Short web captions
BEGIN

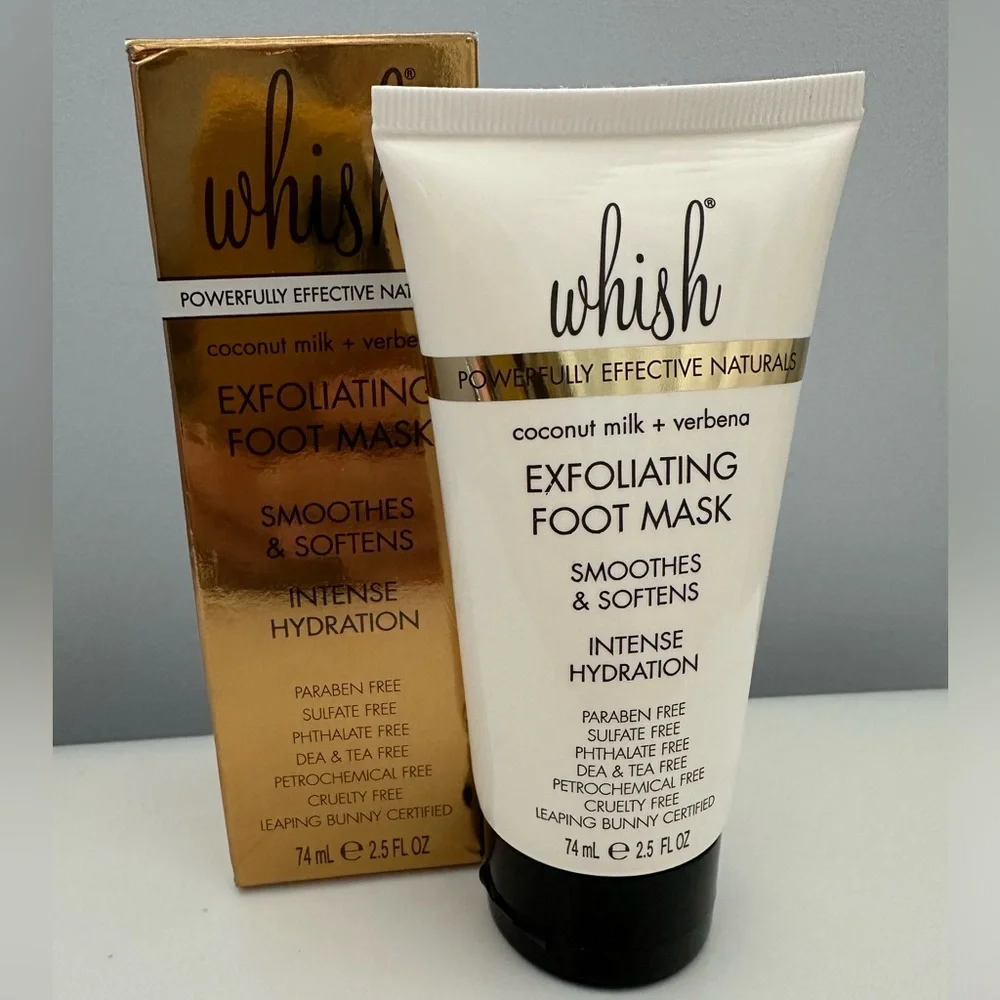 Whish Exfoliating Foot Mask, Smoothes & Softens, intense Hydration, 2.5 oz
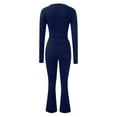 thumbnail image 5 of Women's 2 Piece Outfit - Long Sleeve Crop Top & Flare Pants Set, Polyester Yoga Tracksuit, Winter Casual Wear, S-XXL Sizes, 5 of 5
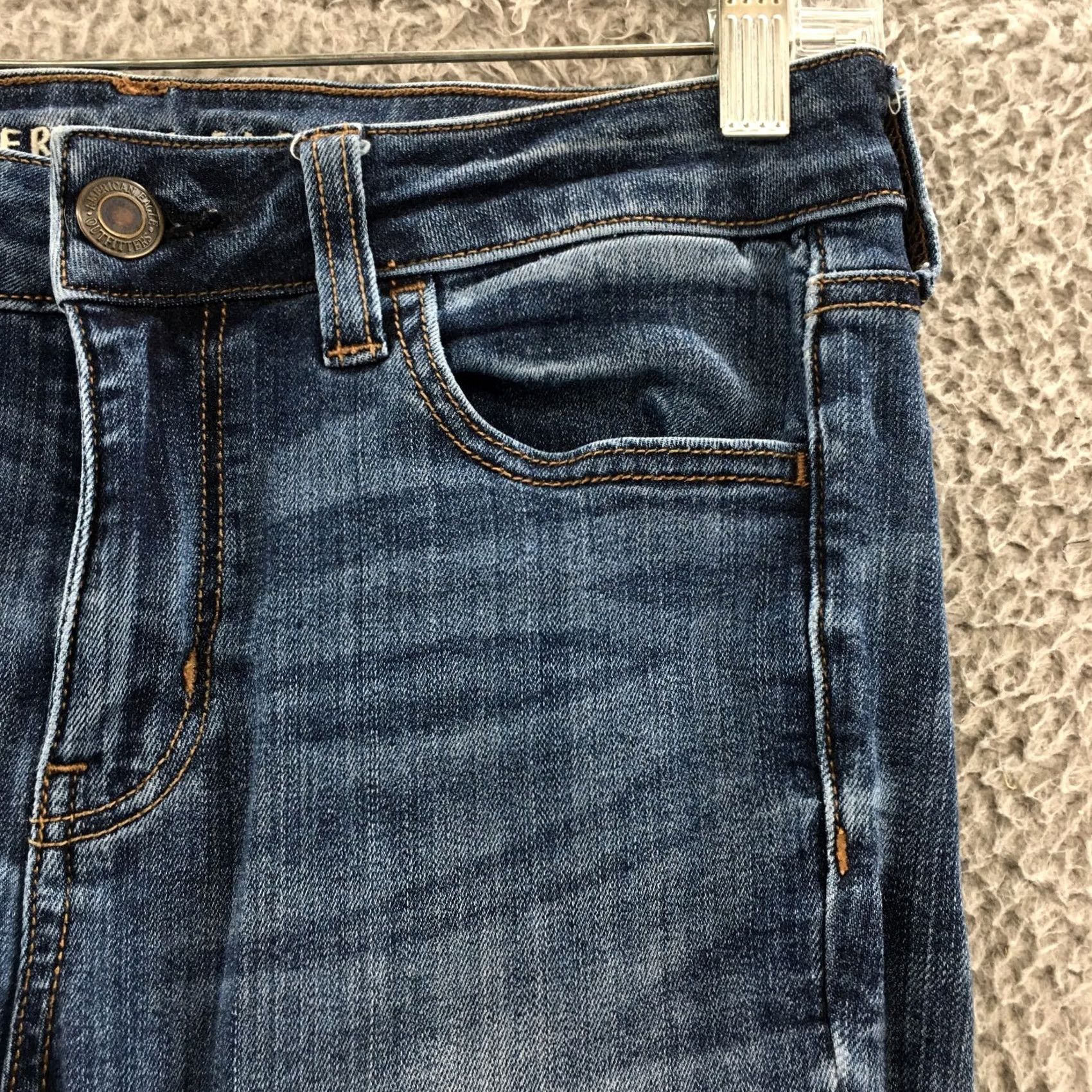 American Eagle Outfitters American Eagle Outfitters Jegging Jeans Womens 8L Blue Denim Regular Stretch Pocket 5-Pocket Design Size 30" / US 8 / IT 44 - 5 Thumbnail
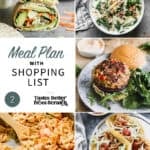 A collage of 5 recipes from meal plan 2.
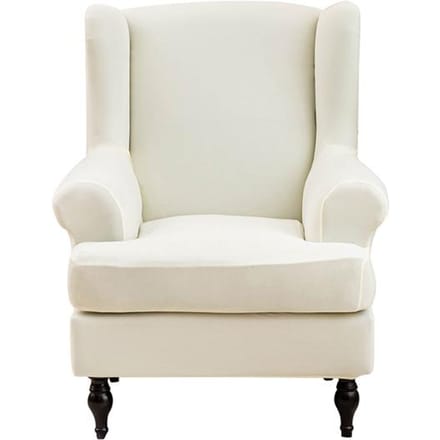 Housse de chaise et repose-pieds à bras incliné King, élastique, aile de canapé, housse Spfa, protection extensible, décoration de la maison 1 Piece white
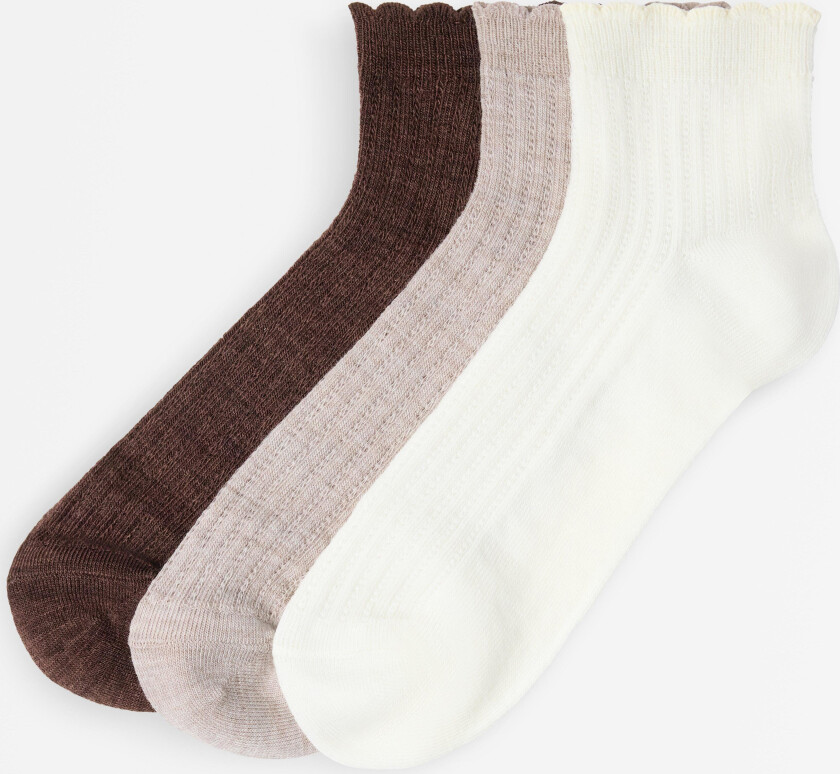 3-pakning høye ankelsokker i merinoullblanding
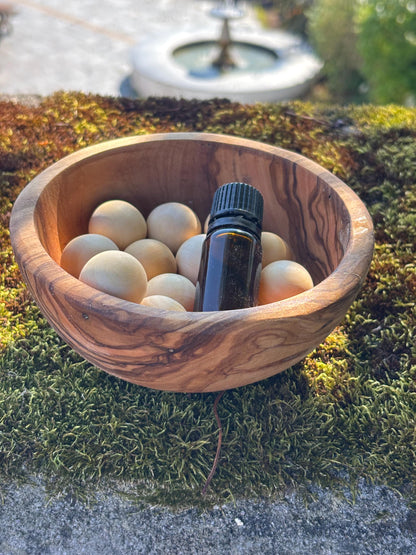 Vanilla Oil Infusion Set - Hand Turned Olive Wood Bowl & Scented Oil Gift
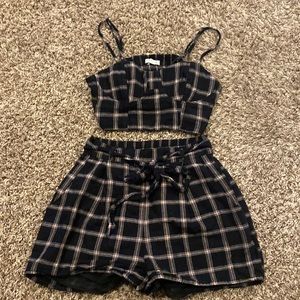 XS plaid American Eagle matching set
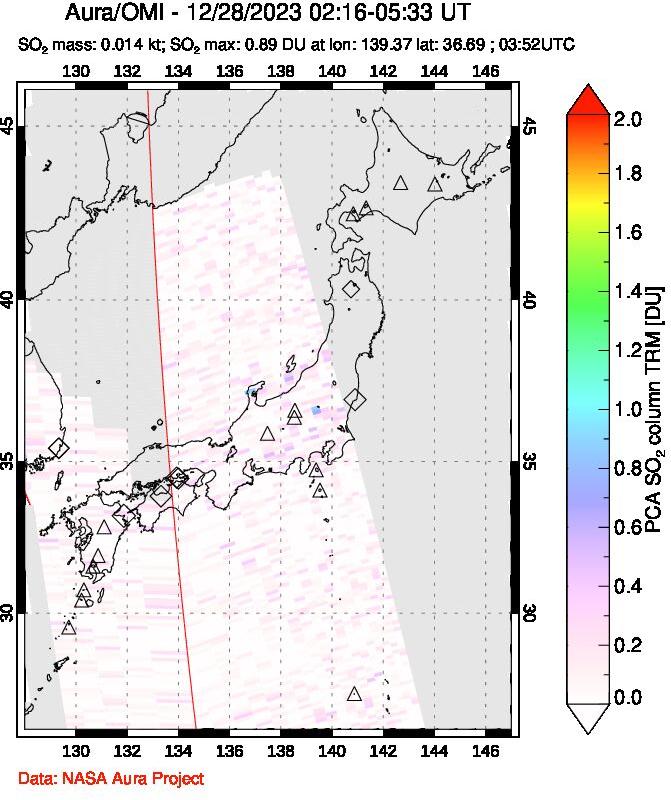 A sulfur dioxide image over Japan on Dec 28, 2023.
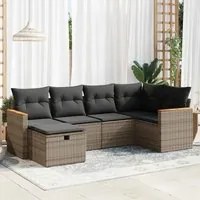 Set Divano da Giardino 6 pz con Cuscini Grigio in Polyrattan 3325917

END

What is needed is an exact repetition of every entry, without the pictures.

# [SOLUTION BELOW]
 Whish Exfoliating Foot Mask, Smoothes & Softens, intense Hydration, 2.5 oz
 thumbnail image 5 of Women's 2 Piece Outfit - Long Sleeve Crop Top & Flare Pants Set, Polyester Yoga Tracksuit, Winter Casual Wear, S-XXL Sizes, 5 of 5
 American Eagle Outfitters American Eagle Outfitters Jegging Jeans Womens 8L Blue Denim Regular Stretch Pocket 5-Pocket Design Size 30" / US 8 / IT 44 - 5 Thumbnail
 A collage of 5 recipes from meal plan 2.
 Housse de chaise et repose-pieds à bras incliné King, élastique, aile de canapé, housse Spfa, protection extensible, décoration de la maison 1 Piece white
 3-pakning høye ankelsokker i merinoullblanding
 Vanilla Oil Infusion Set - Hand Turned Olive Wood Bowl & Scented Oil Gift
 XS plaid American Eagle matching set
 A sulfur dioxide image over Japan on Dec 28, 2023.
 Set Divano da Giardino 6 pz con Cuscini Grigio in Polyrattan 3325917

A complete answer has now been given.